The deeper issue is structural. As a theocratic system, political authority in Iran does not flow from elected offices in any meaningful way. It is concentrated in a network of institutions anchored by the Supreme Leader and reinforced by security and intelligence bodies. Individuals rise and fall within this system, but they do not redefine it. Any figure operating at Ghalibaf’s level does so within constraints that are not easily negotiated, let alone transformed.
This is why the recurring search for a workable partner inside the regime consistently falls short. It assumes that the system can be gradually redirected through internal actors, when in reality it is designed to preserve itself through them.
There is also a strategic cost to this line of thinking. By focusing on personalities, US policy risks sidelining the more difficult but necessary questions. What would a political transition in Iran actually require? Where does institutional capacity for such a transition reside? And how should external actors position themselves in relation to a society that is far more dynamic than its governing structures suggest?

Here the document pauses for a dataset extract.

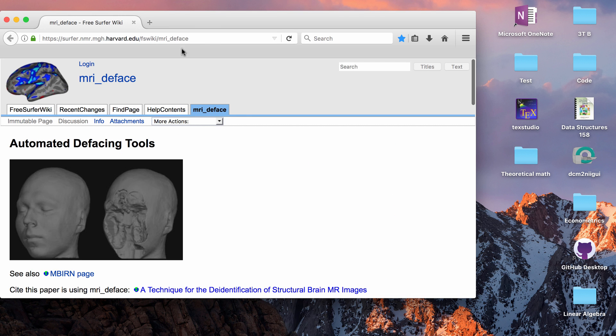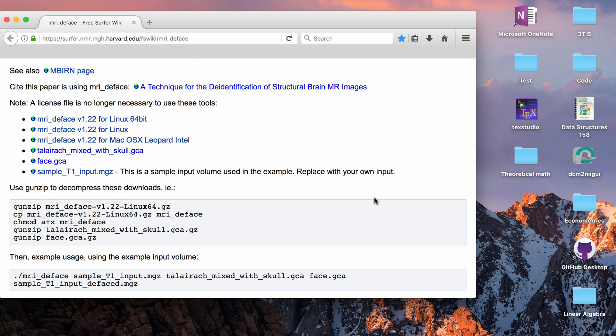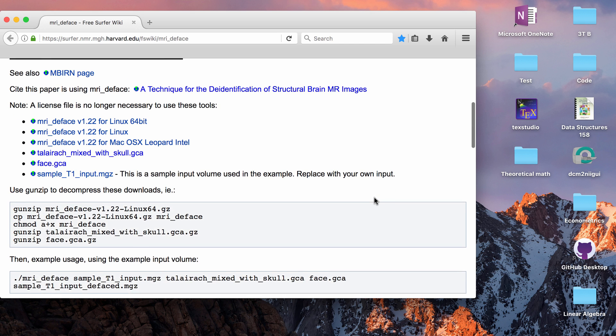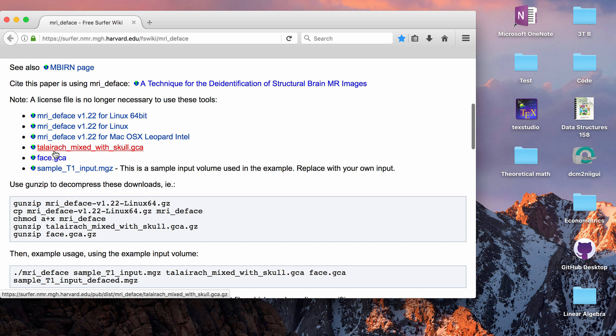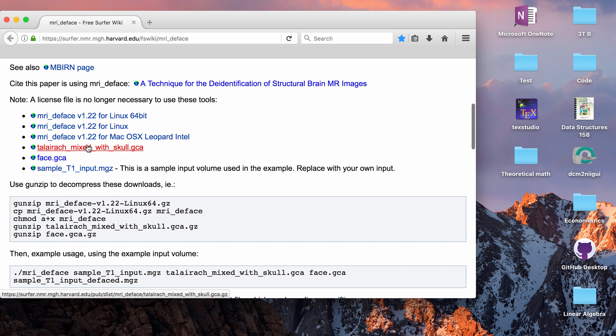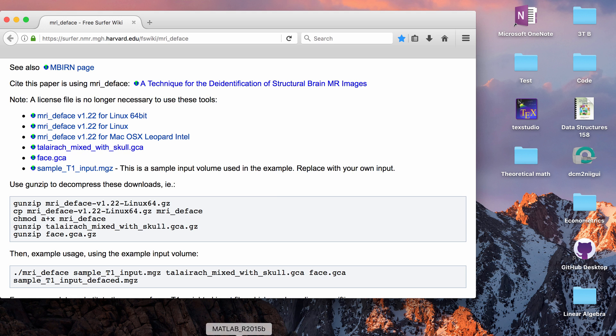So I will put a link to this page down below. To call this function directly you need to use these files that it provides to you for free so you need to have the face.gca and the talairach mixed with skull.gca so when you want to run the function make sure you have those files downloaded already.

Engaging states diplomatically is necessary. But diplomacy that is built on misreading the internal logic of a political system is unlikely to produce durable outcomes. Elevating insiders as potential solutions may offer short-term channels of communication, yet it can also reinforce the very structures that limit meaningful change.
The question is not whether one insider appears more pragmatic than another. The question is whether US policy is prepared to move beyond the search for personalities and confront the realities of political structure in Iran.
That shift would require a different starting point. Rather than looking for solutions within the existing system, it would mean recognizing that meaningful change is more likely to emerge from Iranian society itself, particularly from those segments that have demonstrated organization, resilience, and a sustained demand for accountable governance and democratic principles.
Until that shift happens, Washington will continue to look for answers in the wrong places.